For printing a photographic quality image, it is desirable to print a continuous tone scale of colored inks. Such a continuous tone printing apparatus, based on the microfluidic printing as described, has been disclosed in the above cross referenced and commonly assigned copending U.S. patent application Ser. No. 08/868,426, filed concurrently herewith entitled "Continuous Tone Microfluidic Printing", by DeBoer, Fassler, and Wen. The disclosure of this related application is incorporated herein by reference. In U.S. patent application Ser. No. 08/868,426, a colorless ink is mixed with the colored ink mixtures to make colored inks of different degree of color saturation at each pixel, which is needed for a continuous tone image.
A problem with microfluidic printing is in the control of the amount of inks transferred from the printing apparatus to the receiver medium. During printing, the ink meniscus in the ink mixing pixel chambers are brought into contact with the receiver medium. The inks are absorbed by the receiver medium by action of the wetting of the fibers or pores in the receiver medium. Since the capillary force in the receiver medium is typically much stronger than the holding strength of the microchannels in the microfluidic printing apparatus, the ink transfer needs to be stopped at just the right time to prevent excess ink from being continually drawn from the microchannels in the microfluidic printing apparatus. The control of the ink transfer time is particularly difficult in conditions where the temperature may vary, because the rate of flow of the ink will be temperature sensitive.

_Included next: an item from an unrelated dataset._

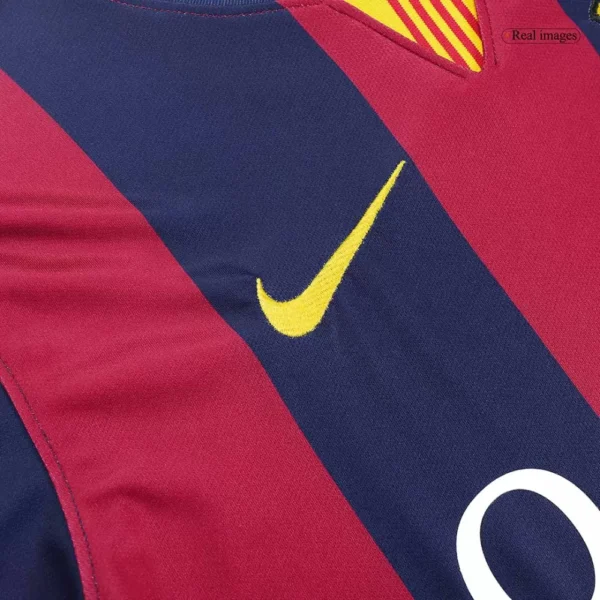 Vintage Soccer Jersey Barcelona Home 2014/15 - Image 5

As it is well known to the persons skilled in the art, excessive ink transfer to the receiver medium typically causes severe coalescence or smearing of the ink on the receiver medium, which produces visible image artifacts and lowers the printing resolution Excess ink transfer also causes excess bleeding between inks of different colors which produces image defects and variabilities in color balance.
An object of this invention is to provide high quality digital print images without severe coalescing and smearing of ink.
Another object of this invention is to control the ink transfer volume of a microfluidic printer.
A further object of this invention is to provide a printing apparatus which controls the volume of ink transferred and produces continuous tone images.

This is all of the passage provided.